A recent rash of escapes from the prison at Lorton has rekindled old animosities between the District of Columbia, which runs the correctional facility, and Fairfax County, where it is located.

At least six prisoners, including three who remain at large, have escaped from Lorton since June 6 and four have escaped in the last two weeks. Fairfax officials complained in a letter to Mayor Marion Barry this week that prison officials neglected in at least two cases to notify county police or sound a siren to alert neighbors, as required under procedures the District of Columbia accepted to settle a lawsuit in 1975.

County police did not learn of one escape on Aug. 1 until a nearby resident telephoned after seeing a man "crawl out of a drainage ditch and don a jogging suit," according to the letter to Barry from county executive J. Hamilton Lambert. D.C. officials acknowledged yesterday they received a call from Fairfax police about that escape before they were sure it had taken place.

"They just aren't following the procedures that were part of the court order in '75," Fairfax Board Chairman John F. Herrity said. "We're just not going to tolerate that."

A spokesman for Barry said the mayor has not received Lambert's letter and so could not comment.
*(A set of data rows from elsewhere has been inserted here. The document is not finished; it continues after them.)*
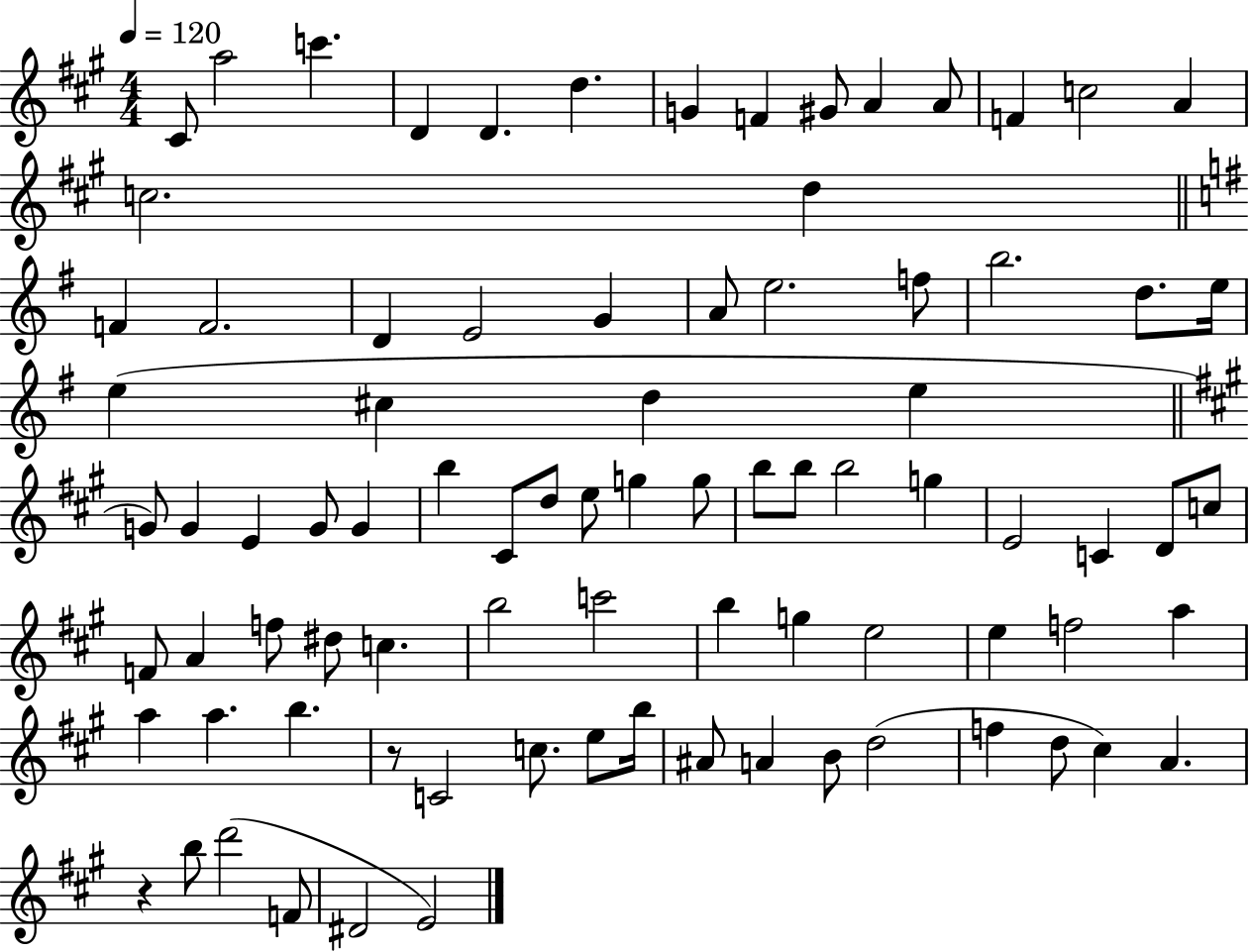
{
  \clef treble
  \numericTimeSignature
  \time 4/4
  \key a \major
  \tempo 4 = 120
  cis'8 a''2 c'''4. | d'4 d'4. d''4. | g'4 f'4 gis'8 a'4 a'8 | f'4 c''2 a'4 | \break c''2. d''4 | \bar "||" \break \key g \major f'4 f'2. | d'4 e'2 g'4 | a'8 e''2. f''8 | b''2. d''8. e''16 | \break e''4( cis''4 d''4 e''4 | \bar "||" \break \key a \major g'8) g'4 e'4 g'8 g'4 | b''4 cis'8 d''8 e''8 g''4 g''8 | b''8 b''8 b''2 g''4 | e'2 c'4 d'8 c''8 | \break f'8 a'4 f''8 dis''8 c''4. | b''2 c'''2 | b''4 g''4 e''2 | e''4 f''2 a''4 | \break a''4 a''4. b''4. | r8 c'2 c''8. e''8 b''16 | ais'8 a'4 b'8 d''2( | f''4 d''8 cis''4) a'4. | \break r4 b''8 d'''2( f'8 | dis'2 e'2) | \bar "|."
}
Corrections chief George E. Holland said he was not aware of any breakdown in procedures.

The District of Columbia runs six facilities, ranging from youth camps to a maximum security prison, on its 3,000-acre reservation at Lorton, an otherwise sleepy village in southern Fairfax near the Prince William County line. Fairfax officials long have campaigned to send the prisoners back to D.C., and the issue came to a head after escapees committed a murder and a kidnaping in the early 1970s.

The county and the Virginia state attorney general both sued the District of Columbia, which agreed to limit the number of prisoners at Lorton and tighten security there. Fairfax officials said the procedures helped, and there were no escapes from the medium or maximum security prisons between May 1981 and this June. Herrity said he now fears a return to old problems.

"Although there had been considerable progress during the past three years, there appears now to be a business-as-usual attitude on the part of the administration at the Lorton correctional complex relative to escapes," Lambert wrote Barry.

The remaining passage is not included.